● **ABOUT THIS TASK**
For the material below, reproduce exactly each line from the one that has "Driver Side Headlight, with" through the one that has "Diesel cappello con", and no others; pictures stay out.

● **ENTRIES PROVIDED**
§

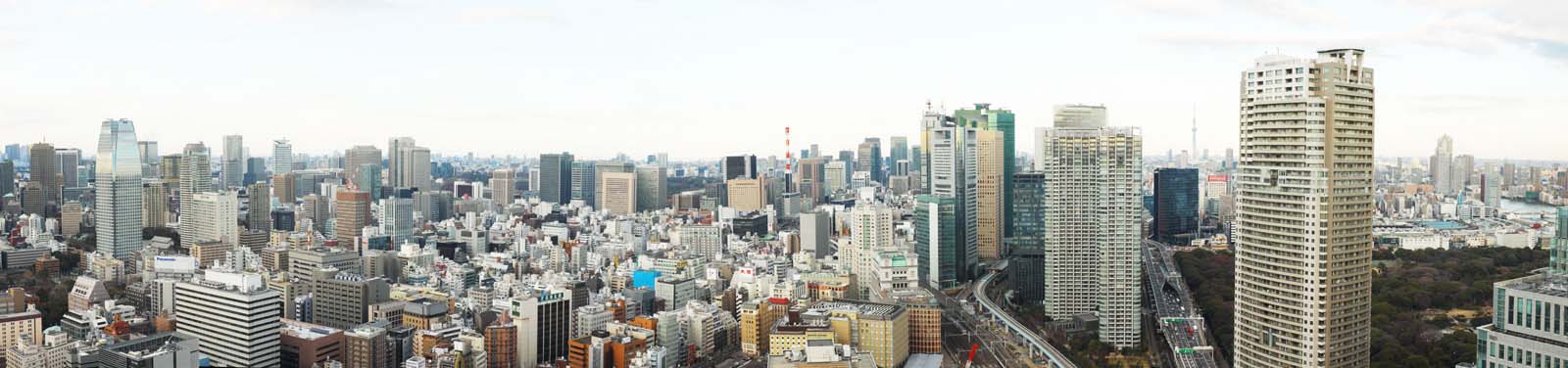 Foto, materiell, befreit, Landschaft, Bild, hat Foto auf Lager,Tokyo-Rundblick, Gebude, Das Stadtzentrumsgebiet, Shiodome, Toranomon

§

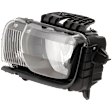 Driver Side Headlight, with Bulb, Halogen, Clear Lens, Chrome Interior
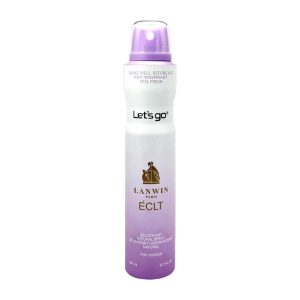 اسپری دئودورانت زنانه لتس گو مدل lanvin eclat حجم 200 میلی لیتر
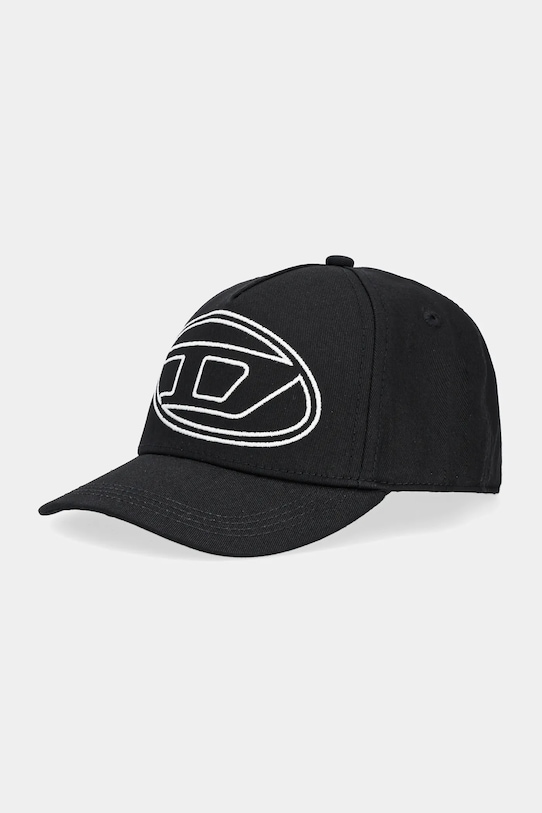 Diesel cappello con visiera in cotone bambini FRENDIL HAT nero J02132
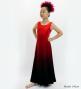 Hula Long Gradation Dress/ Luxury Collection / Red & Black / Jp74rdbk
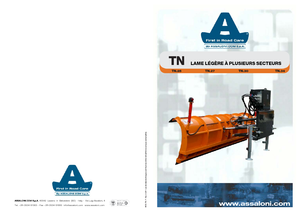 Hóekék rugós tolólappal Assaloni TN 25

§

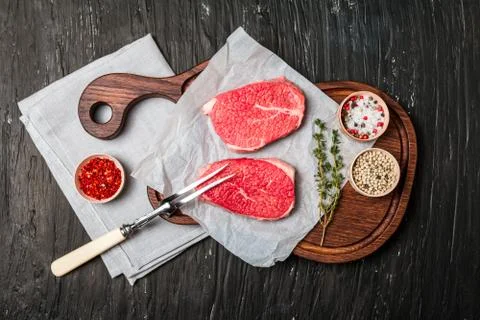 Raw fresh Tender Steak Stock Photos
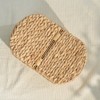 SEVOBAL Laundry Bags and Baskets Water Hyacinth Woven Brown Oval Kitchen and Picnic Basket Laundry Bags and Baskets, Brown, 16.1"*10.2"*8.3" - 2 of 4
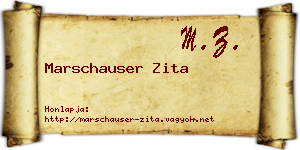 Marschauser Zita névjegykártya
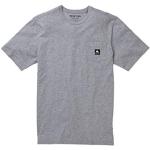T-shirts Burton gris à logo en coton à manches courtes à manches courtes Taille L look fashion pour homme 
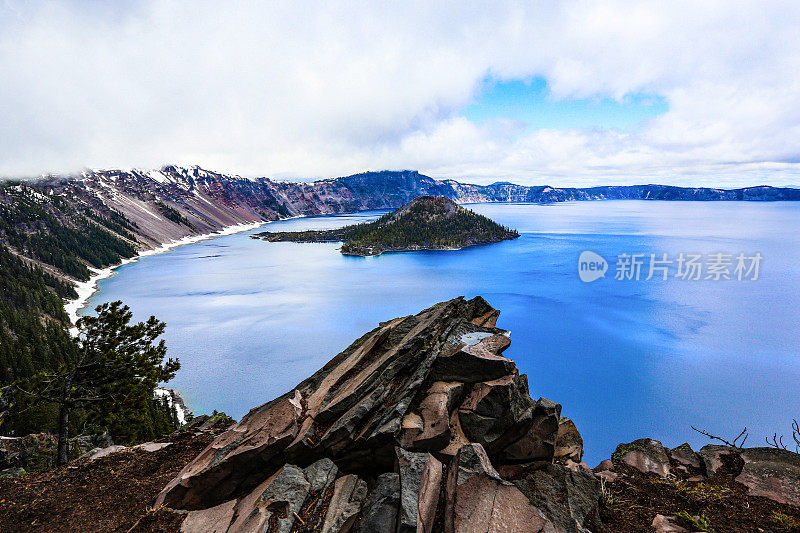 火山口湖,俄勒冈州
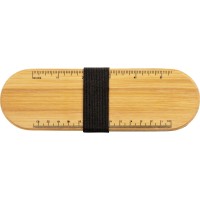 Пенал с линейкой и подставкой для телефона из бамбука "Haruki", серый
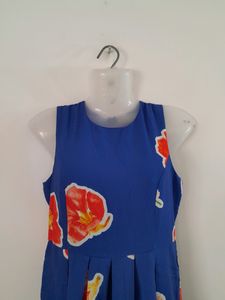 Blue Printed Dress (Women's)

§

● **EXERCISE SOLUTION**
 Driver Side Headlight, with Bulb, Halogen, Clear Lens, Chrome Interior
 اسپری دئودورانت زنانه لتس گو مدل lanvin eclat حجم 200 میلی لیتر
 Diesel cappello con visiera in cotone bambini FRENDIL HAT nero J02132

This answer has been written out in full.